CONTROL + (=) for next day
CONTROL + (-) for previous day
CONTROL + ALT + (=) for next week
CONTROL + ALT + (-) for previous week
[With all the above keep tapping =/- keys to keep adding/reducing]
Display the Due Date column and right on the task due date for a much more
useful context menu for dating.
On Tuesday, 11 October 2016 18:33:57 UTC+1, Dwight Arthur wrote:
> I handle the "soon" situation by scheduling the task for tomorrow. My
> discipline for myself id that if I have done that twice for a particular
> task I will not do it a third time - the task is obviously set up wrong
> and should loose its star, or get a lower importance, or change to a
> different more accurate context, or get a real start date assigned or
> something else like that.
> For a task that has no start date or has today's start date this is a
> single click on the "next day" link in the timing and reminder section
> of task details. For a task that already has a start date a while in the
> past, it could take several clicks on "next day" or "next week"

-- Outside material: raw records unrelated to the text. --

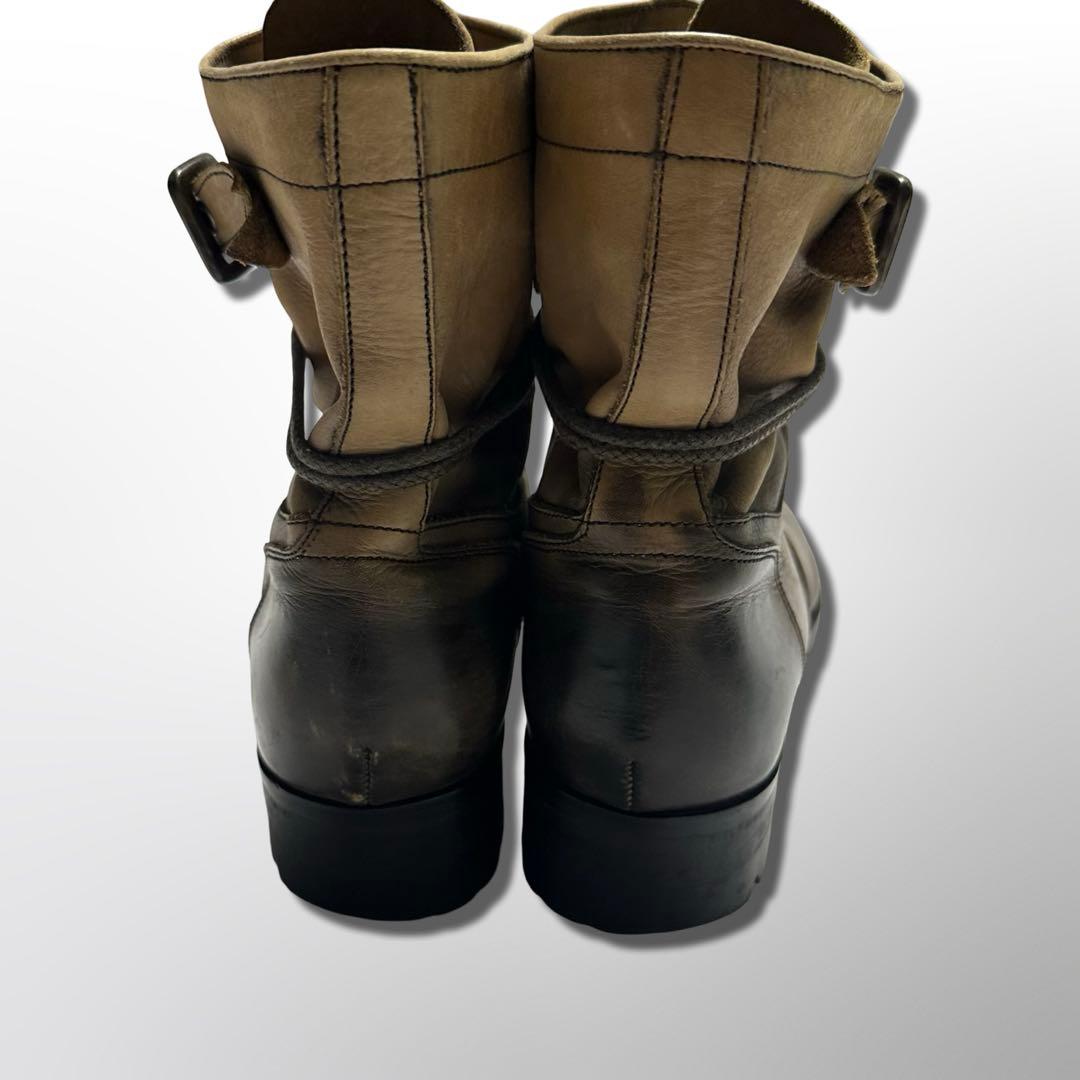 靴 00s alfredo BANNISTER lace up boots Y2K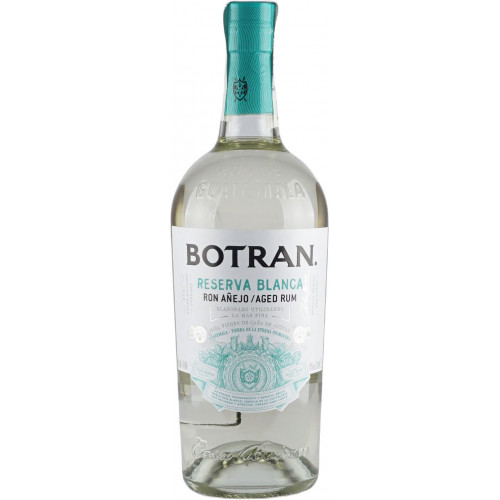 Ром "Botran Reserva Blanca" 0,7л 40% (Гватемала, ТМ "Botran")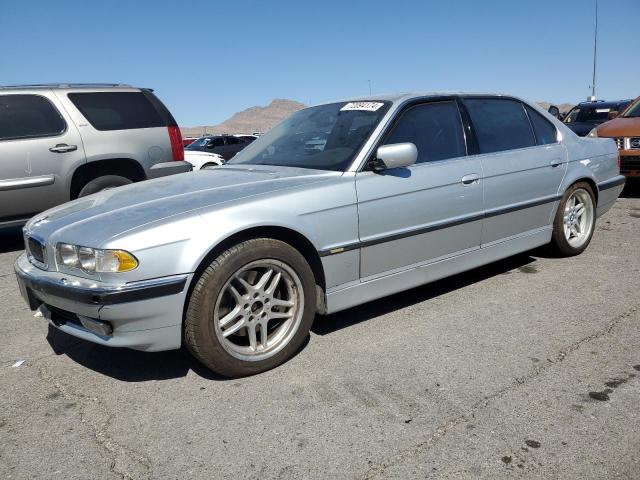  Salvage BMW 7 Series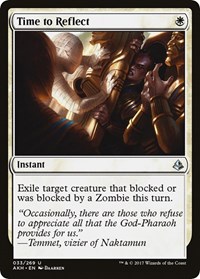 Time to Reflect, Amonkhet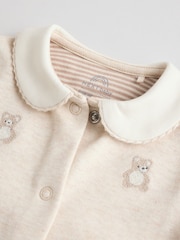 Neutral Baby Embroidered Sleepsuits 3 Pack (0-2yrs) - Image 12 of 12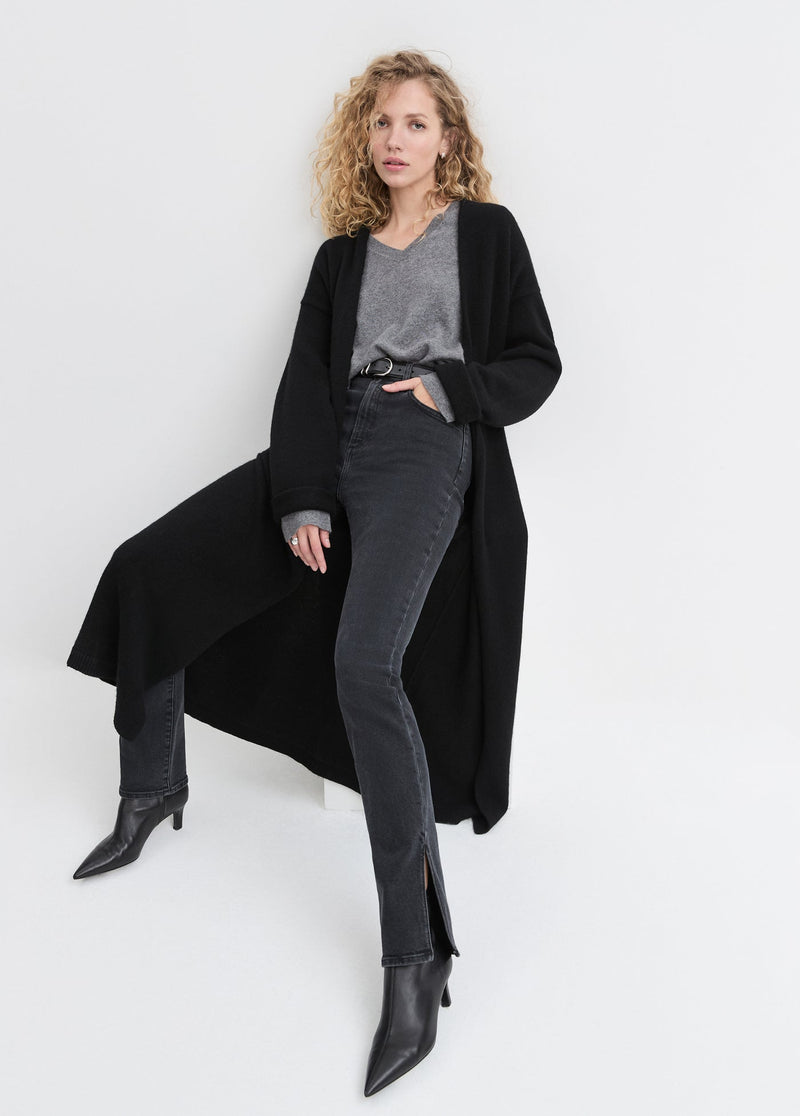 black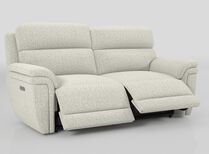 Maer 3 Seater Power Recliner Sofa with Power Head Tilt | Maer Sofa Range | ScS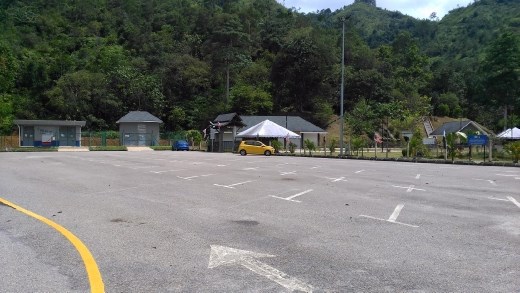 Sungai Lembing Tin Mine - didn't bother to tell anyone that opening hours had changed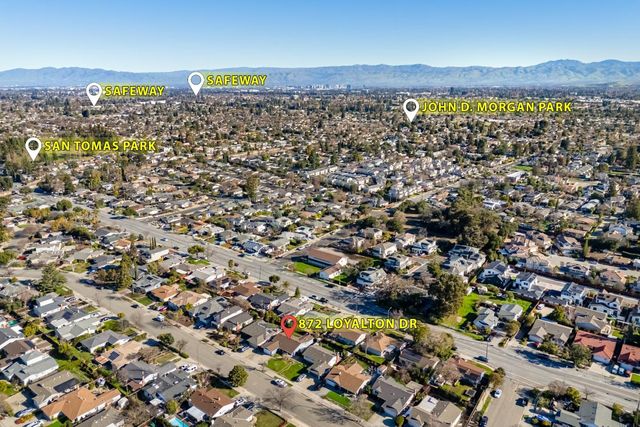872 Loyalton Drive, Campbell, CA 95008
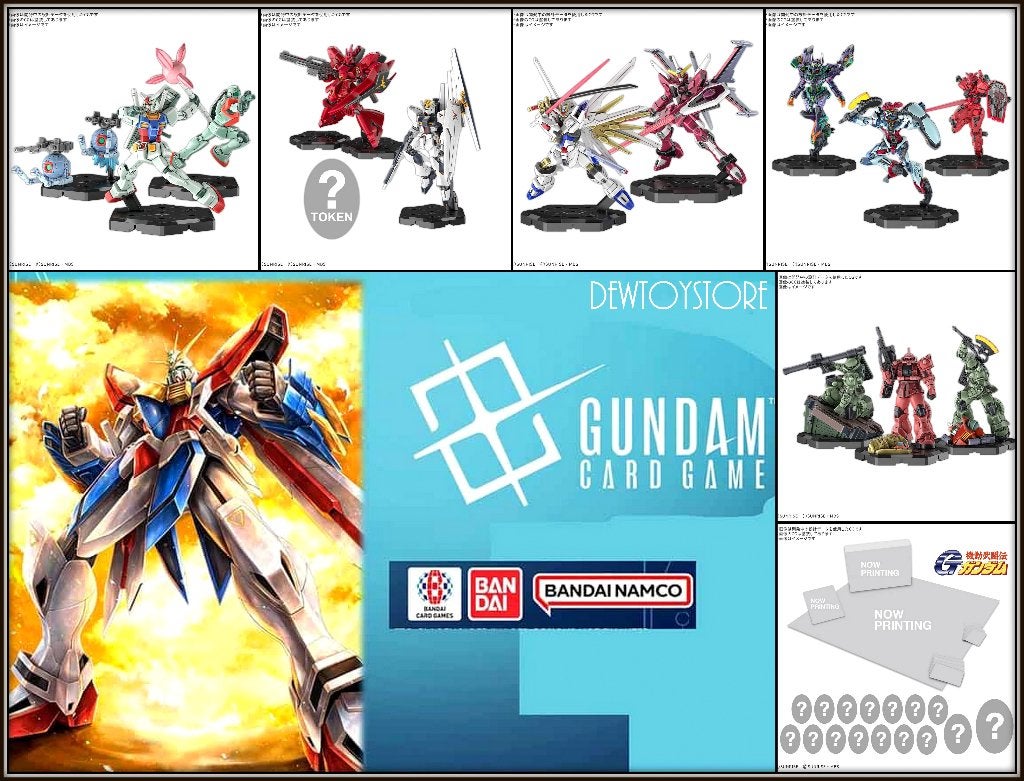 [𝗣𝗿𝗲-𝗼𝗿𝗱𝗲𝗿] Bandai Desktop Board Game / TCG - Gundam, Verzenden, Nieuw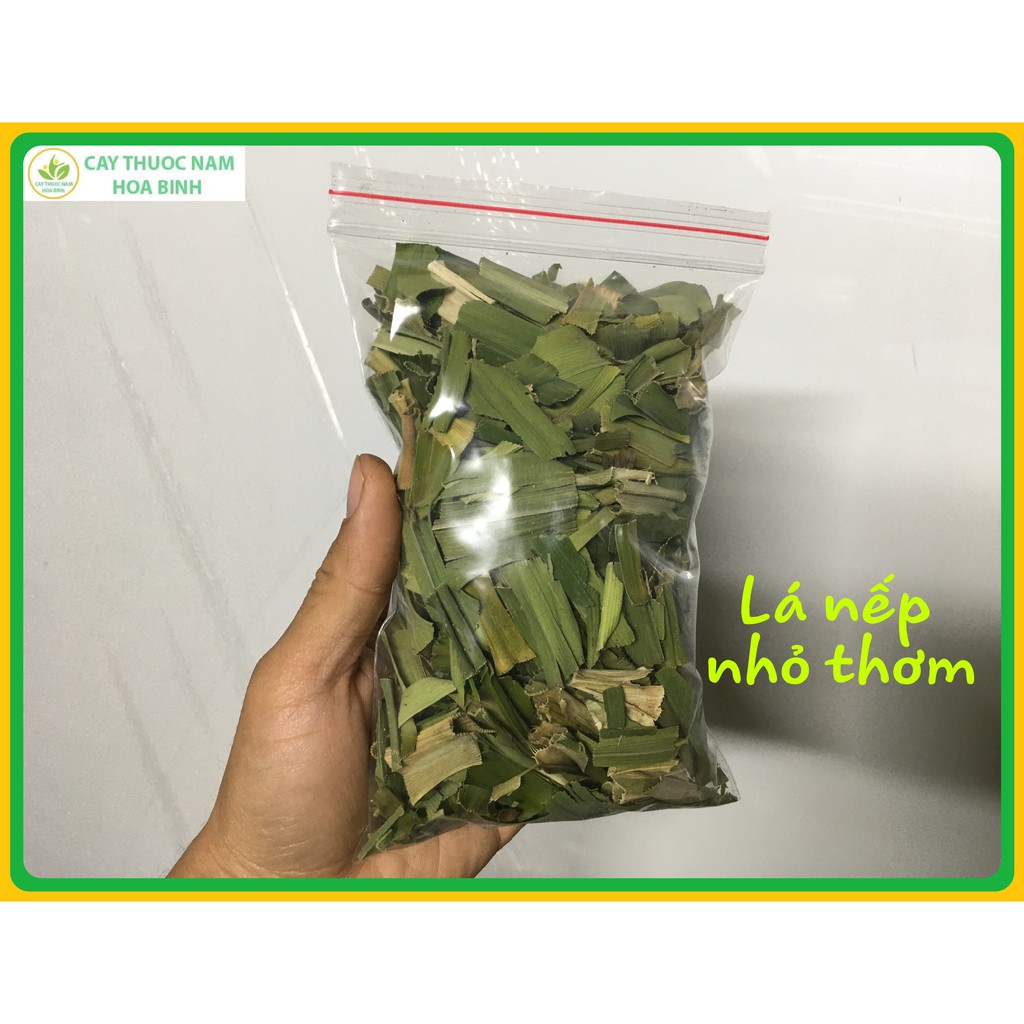 Lá nếp nhỏ khô thơm ( lá dứa, nếp thơm, cây cơm nếp)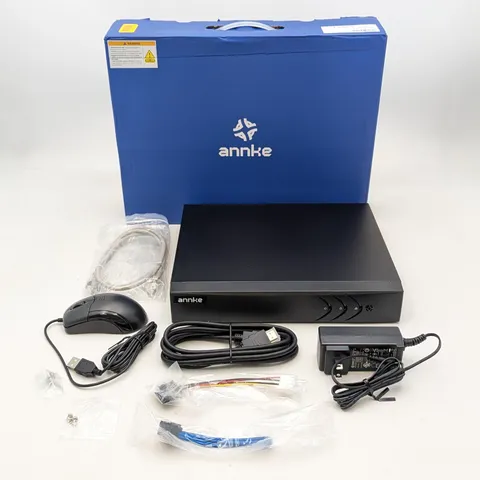 ANNKE 3K Lite 8CH Hybrid 5-in-1 Security Digital Video Recorder (DW81KN)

> Because it is more clicks on Android I use a different procedure: I have
> a task called Wait For Tomorrow with a start date of tomorrow. If I need
> to postpone a task for a day I set it to be dependent on "wait for
> tomorrow". Every morning the wait for tomorrow task is at the top of my
> to-do list: I duplicate it, complete the first copy and set the second
> copy to be due tomorrow. Four clicks on MLO/Windows.
> On 10/11/2016 12:15 PM, John . Smith wrote:
> > SRhyse
> > I need to create something half way between "Someday/Maybe" and "Active"
> > (Do ASAP).
> > i.e. I need what Nirvana calls a "Later" action status.
> > Do you have any suggestions?
> > To explain, by having Later (i.e. Soon) this allows all your Active
> > actions to literally be "Do ASAP" because it allows you to park stuff on
> > a temporary basis, without it getting lost in a sea of "Someday/Maybe"
> > tasks.
> > Also I am slightly unclear about how you handle priority.
> > I mean in a "flat" system (i.e. without a hierarchy) relative priority
> > can easily be handled by using a manual sort.
> > But in a system where you have what is effectively a mindmap by subject,
> > then this isn't really possible if the hierarchy is still visible.
> > Obviously one could use the Importance and Urgency fields but that
> > always seems to get messy and becomes hard to manage. (I think the
> > reason is because one needs relative not absolute priority!)
> > Cheers
> > J
> > On Wednesday, October 5, 2016 at 5:26:19 PM UTC+1, SRhyse wrote:
> > You could easily make a view that shows 'All' things with 'Don't
> > show in Todo'. It'd take 20 seconds if you were being slow.
> > I tend to look at contexts on my next action by context list. It
> > shows all next actions grouped by context. Pretty sure that's the
> > name of it, but it's a default view.
> > If I 'filter', it's usually through a zoom on a folder or project,
> > and that holds across all views. If you select a task and move
> > between views as well, that task stays selected.
> > If you only want to review things at intervals, there is a review
> > area. You can still easily have a folder or number of them as
> > relevant in different areas for 'someday' items, and/or combine that
> > with 'hide branch in todo' items. If you wanted a bit view of all
> > that, make a view for 'hide in todo' and whatever else makes the
> > folder contents show up.
> > This all more or less came back around to 'I want a database field
> > that has a someday status'. If that's the only way you're willing to
> > do it, then nothing else is going to satisfy you. That seems to be
> > the larger issue, which is one I outlined a long time ago when you
> > started talking about MLO and people felt awkward about it.
> > Again, I'd love custom task attributes, and it seems like a good fit
> > for MLO. Doesn't seem to be the issue here, however.
> > Take care John! And good luck tasking and stuff.